Should All Moles Rather Be Removed?

While moles are common amongst men and women, they are also associated with melanoma, which is a deadly form of skin cancer. It’s for this reason that many people want to get rid of their moles sooner rather than later.

However, removing all of your moles is neither practical nor possible.

When should a mole be removed?

Before a mole is removed, one of the following factors must first be present:

  • The patient feels that their mole looks unattractive or it’s in an area where it can be frequently damaged
  • Your doctor feels that the mole looks unusual and should be tested
  • The mole has changed over the last few weeks or months

The ABCDE’s of moles

Anytime that a mole changes in size, shape or colour, it needs to be looked at. Also, if it’s always itchy or there is ulceration or bleeding, it’s important to see a doctor as soon as possible.

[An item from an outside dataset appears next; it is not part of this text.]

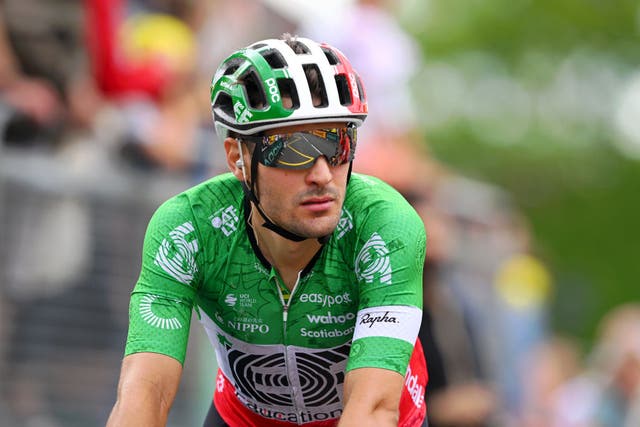 Transfer Shocks: Bettiol joins Astana in Mid-Season Switch, Former Ineos Chief Ellingworth to Bahrain Victorious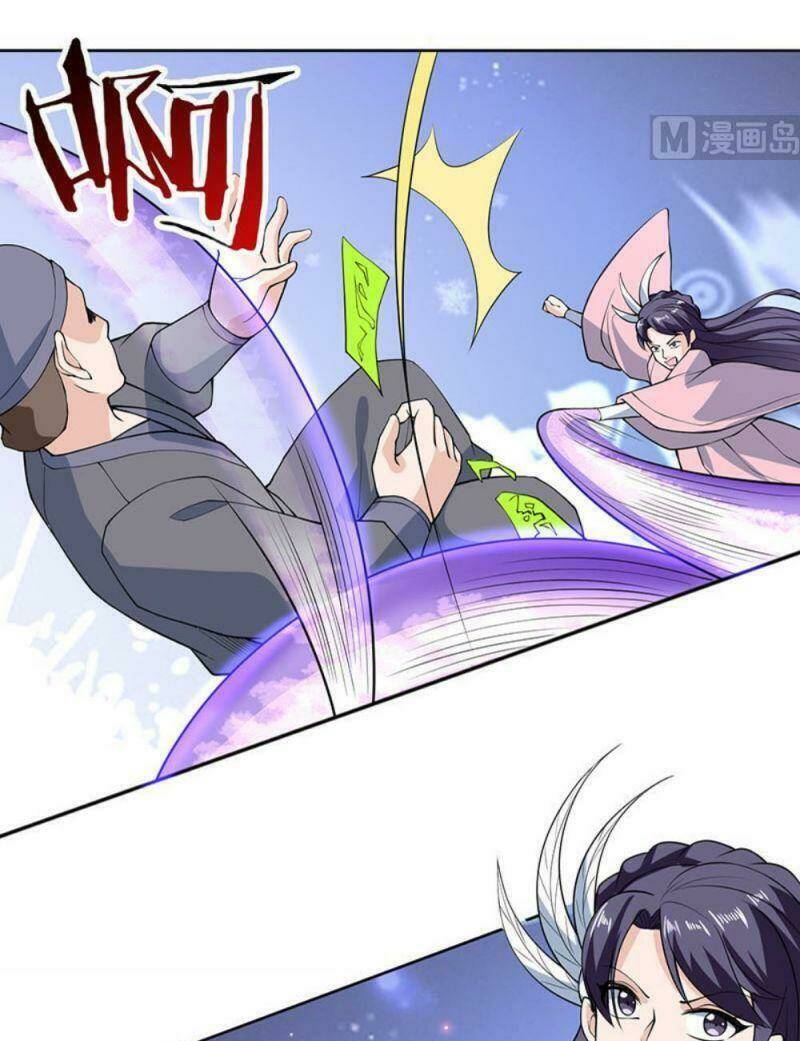 Tối Cường Thần Thú Hệ Thống Chapter 239 - Trang 4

Also, if a mole develops after the age of 20, it should always be checked.

A mole removal clinic in Melbourne, The DOC, recommends looking out for these warning signs (ABCDE)

Asymmetry: If you were to cut the mole in half, would the two sides match? If not, consider it a warning sign.

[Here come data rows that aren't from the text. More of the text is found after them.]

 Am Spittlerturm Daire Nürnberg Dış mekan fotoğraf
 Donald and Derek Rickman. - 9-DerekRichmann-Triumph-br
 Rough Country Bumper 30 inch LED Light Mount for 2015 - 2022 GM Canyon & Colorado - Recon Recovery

Border: If the border or edges of the mole are irregular, ragged or blurred, you need to have it checked out.

Colour: If the mole has more than one colour, it’s not regular.

Diameter: Is the diameter of the mole bigger than a pencil eraser? If so, it’s time to see a doctor.

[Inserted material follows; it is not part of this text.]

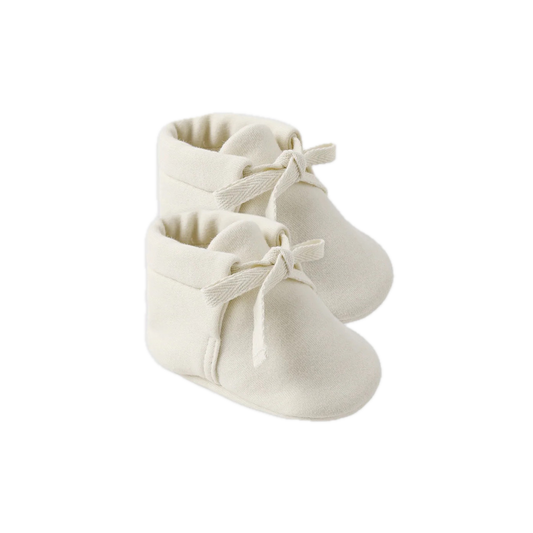 Quincy Mae Baby Booties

Evolving: Lastly, if the mole has recently changed in size, shape or colour, consider it a warning sign.

Why moles change

Changes such as asymmetry and other irregularities will begin to occur once a melanoma begins to develop. The main aim of a mole removal clinic in Melbourne like The DOC, is to catch any melanomas during the early stages when it’s still possible to remove it using excision.

There are people who have a higher risk of developing melanoma. The most common risk factors include:

  • People who have more than 75 – 100 moles have a higher risk for melanoma than people who have fewer moles or those who can tan quite easily.
  • If you burn rather than tan after spending time in the sun, you have a higher risk of developing melanoma.
  • If you have a family history of melanoma or a history of atypical or dysplastic moles, your melanoma risks will be higher.

If you have one or more of these risk factors, it’s important to have your moles checked by a professional on a regular basis.

The mole checklist

Here is a quick mole checklist that you can keep if you ever suspect that a mole may be dangerous:

  • Moles should never be larger than a pencil eraser
  • If a new mole forms after the age of 20, it needs to be evaluated by a doctor
  • Anytime a mole changes, it may be a warning sign
  • Pigmented lesions that look suspicious should be evaluated and removed

This information shouldn’t scare you though as most moles won’t lead to any problems. Mole removal is a simple procedure that is only slightly uncomfortable.

Overall, just remember your ABCDEs and have your moles checked on a regular basis.